Hallyu meets Hollywood

Interesting article in Forbes about k-pop’s recent fores into the U.S. market:

Why is this year different from all the other years? Stateside K-pop fanaticism is on the rise as always, but it still hasn’t quite cracked into mainstream consciousness.

Thank China. Experts are pointing to Beijing’s backlash against THAAD, the U.S. missile system that was installed in South Korea this year. The Chinese government saw THAAD as a security threat when it was installed in July 2016, and later outlawed Korean cultural imports to China, including new Korean television and music.
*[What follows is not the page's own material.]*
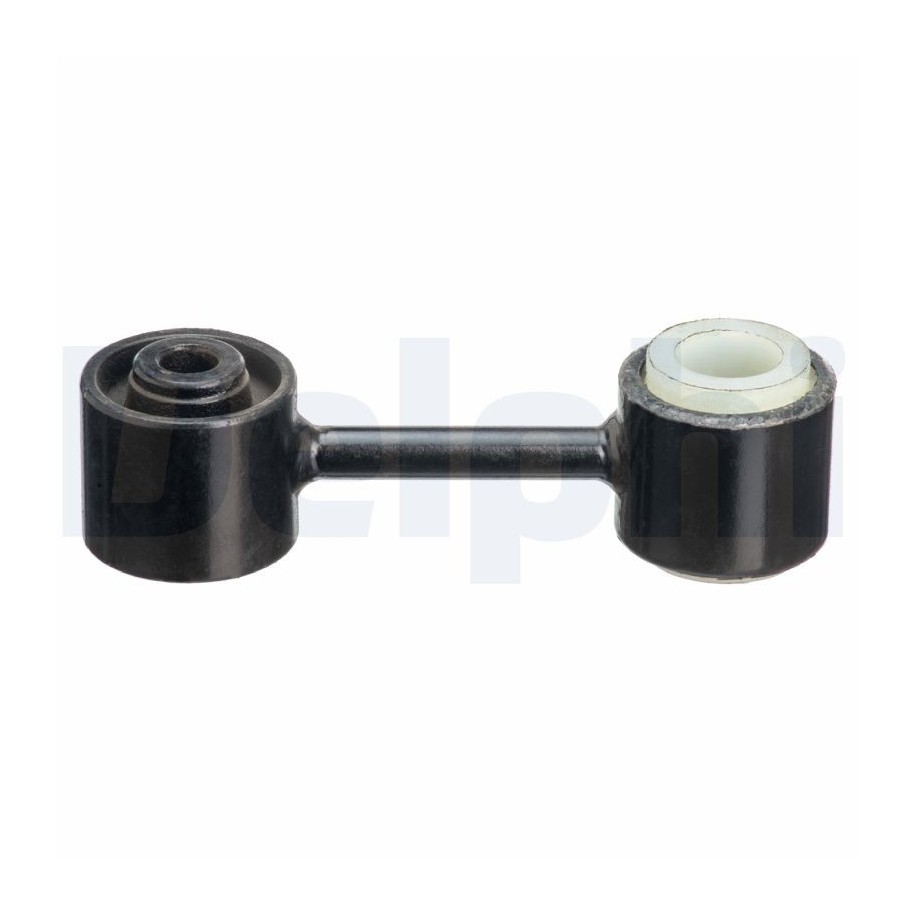 Stabiliser Drop Link (coupling Rod) DELPHI TC3929 for IVECO DAILY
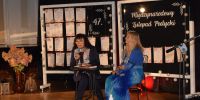 47. Międzynarodowy Listopad Poetycki na Ziemi Wągrowieckiej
Tourism companies were banned in March from organizing group excursions to Korea.

This could be great for the United States, where Asians do not receive the media exposure that they should. Shows like Fresh Off The Boat and Dr. Ken, rappers like Dumbfounded and Awkafina, and personalities like Eddie Huang are doing a great part in providing some representation. It would be great to see what k-pop brings to the mix.

Look, k-pop is not perfect. It has issues with homophobia, misogyny, transphobia, racism, and labor rights violations. But, perhaps its incursion into the U.S. market could make people question racist stereotypes about Asians, and perhaps even expand definitions of masculinity.

And I, for one, welcome our new k-pop overlords.